Participation chronology

= Malta in the Eurovision Song Contest 1975 =

Malta was represented at the Eurovision Song Contest 1975 with the song "Singing This Song", composed by Sammy Galea, with lyrics by M. Iris Mifsud, and performed by Renato. The Maltese participating broadcaster, the Maltese Broadcasting Authority (MBA), selected its entry for the contest through a national final.

== Before Eurovision ==
=== National selection ===
Song for Europe 1975 was the national final format developed by the Maltese Broadcasting Authority (MBA) which determined the song that would represent Malta at the Eurovision Song Contest 1975. The competition consisted of two parts. The first part was the Malta Song Festival 1975, where the top 5 songs would then go on to the Song for Europe contest. The two contests were organised by two separate organisations; the Malta Song Festival was organised by the Malta Song Festival Board, while Song for Europe was organised by MBA. The use of Malta Song Festival as part of the Maltese national final was a cooperation between the two organisations, this led to the broadcaster not actually being in control of the songs in its own national final.
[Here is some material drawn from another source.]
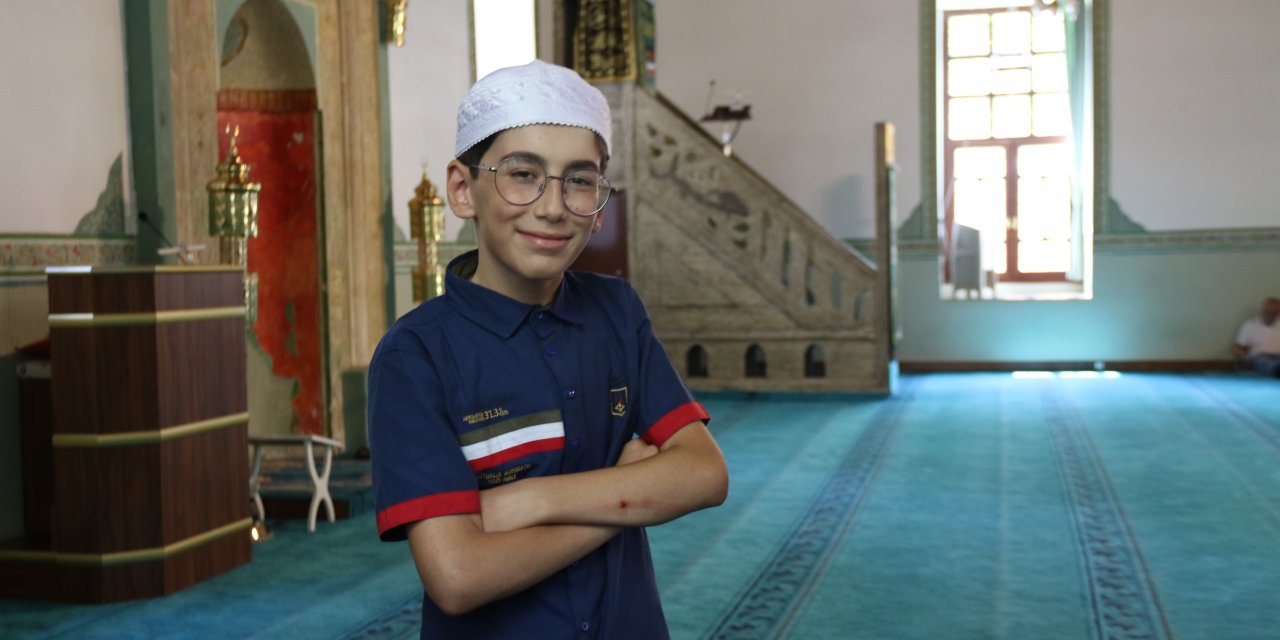 Eskişehirli Miraç Ezan Okuma Yarışmasında birinci oldu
It was decided to send a song in English for the Eurovision Song Contest 1975 as the MBA believed that the Maltese language was one of the reasons for their last place finishes in 1971 and 1972

==== Competing entries ====
The Malta Song Festival Board opened submission period for songs from late November 1974 until 20 December 1974, which was later extended to 28 December 1974. The Malta Song Festival Board shortlisted 12 artists which composers could pick from to perform their songs: Edwin Galea, Mary Rose Mallia, Mary Spiteri, Renato, The Greenfields, Victoria Briffa, John Lucas, Enzo Guzman, Joe Cutajar, Joe Agius, Joe Bugeja, and Bayzo.

Competing entries
| Artist | Song |  | Songwriter(s) |  |
| Maltese Title | English title | Composer | Lyricist |
| Bayzo | "Bejn lejl u nhar" | "Adorable You" | Edmond Barbara | Clemente Zammit |
| Edwin Galea | "Kantaw ilkoll flimkien" | "Try and Try Again" | Edward Briffa |  |
| Mary Spiteri | "Id fid" | "Try a Little Love Today" | Victor Fenech | Mary Morey Micallef |
| "Rokna minn qalbi" | "Live for Tomorrow" | Paul Abela [de] | Mary Sant |
| Mary Rose Mallia [mt] | "Il-loghba tal-imħabba" | "Love Is a Gamble" | Carmen Zammit |  |
| "Min jaf" | "Fly Away Little Bird" | Messina Galea | Marie Therese Stevens |
| Renato | "Dinja gdida" | "A New World" | Joe Ellul |  |
| "Idhaq u iccajta" | "Singing This Song" | Sammy Galea | M. Louise MiFsud |
| The Greenfields | "Imħabba għal xulxin" | "Love for You and Me" | Charles Bajada |  |
| "L-ghanja tal-imħabba" | "Sing a Song of Love" | Charles Mifsud | Charles Bajada |

==== Malta Song Festival 1975 ====
Malta Song Festival 1975 was held on 1 February 1975 at the Alhambra Theatre. All songs were sung twice, once in Maltese and then again in English, and the top five qualified to Song for Europe 1975.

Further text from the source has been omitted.